On the question of education, he is more solid ground, since education is the proper province of a democratic government. I agree that teaching logic and rhetoric in school would help our children cope with the Information Age.

Overall though, this book is self-indulgent, a miscellaneous collection of thoughts and arguments. I suggest the reader's time would be better spent with the original curmudgeon (as preserved by his biographer, Boswell): Dr. Samuel Johnson: a better writer, a better wit, and a better introduction to the period of history called the Age of Reason.

Rating: 5
Summary: Devil's advocate for the tech revolution
Comment: Postman clarifies the impact that technology (computers and television) has on us to such an extent that I was tempted to toss my computer and TV out the window half way through the book. And while Postman has not personally succumed to the siren of the computer, his head is also not buried too deeply in the sand.
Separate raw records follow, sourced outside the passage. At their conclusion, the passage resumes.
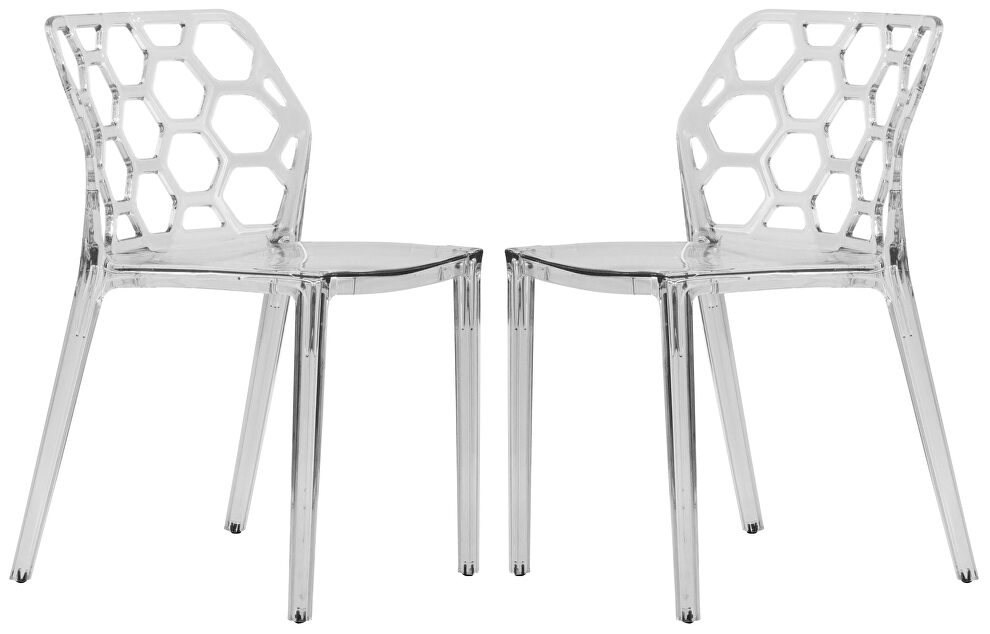 Clear plastic transparent lucite dining chair / set of 2 by Leisure Mod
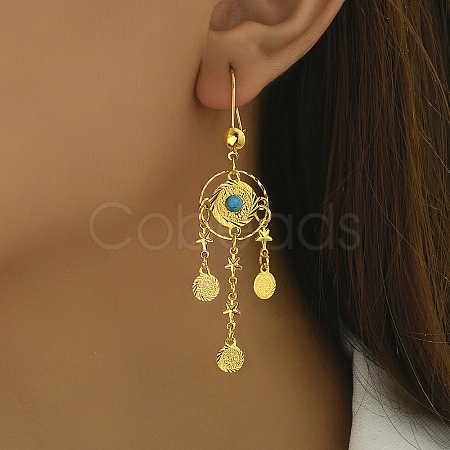 Exquisite Vintage Gold Circle Earrings with Unique Ethnic Style IJ3689-1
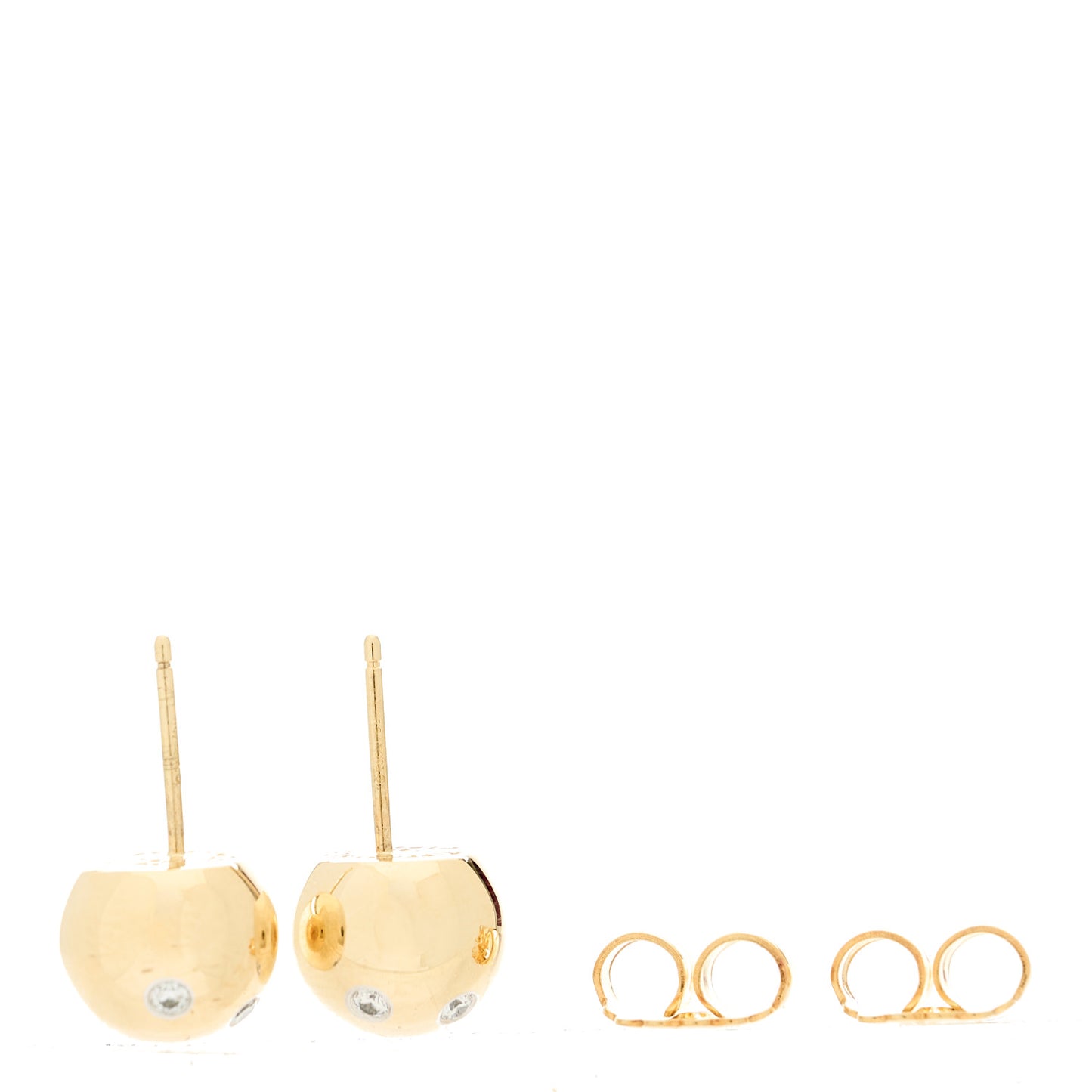 18K Yellow Gold Platinum Diamond 10.5mm Etoile Ball Earrings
If anything, he wants us to transcend the age of technology in the 20th century to a new enlightenment in the 21st century. At stake is the loss of childhood which he says was defined in the 18th century as a result of an earlier technological advancement: movable type.

Rating: 5
Summary: Not a Luddite
Comment: Somehow Postman has been accused of being a luddite. I'm not sure how he got theis reputation. He is certainly critical of present excesses, but as this book shows, he merely - and justly - questions current ideas that have degenerated to produce dubious advantages. he has no objections to technology or science but, he argues, there is aneed to revert to a more humanist (which also implies liberal in the good sense of the word) approaches to temper the way technology is creeping intrusively into our lives. In philosophical terms he argues against cultural relativism and its older brother deconstruction - i.e. Derrida, Lacan. in this he is joined - though he does not mention it - by several leading physicists and, indeed, Fashionable Nonsense by Sokal confirms this. Like many greek classical philosophers, from Plato to Epicurus, postman excercises healthy doubt and merely questions the present. Not all change is good. I also found the book to be very well written, erudite and humorous.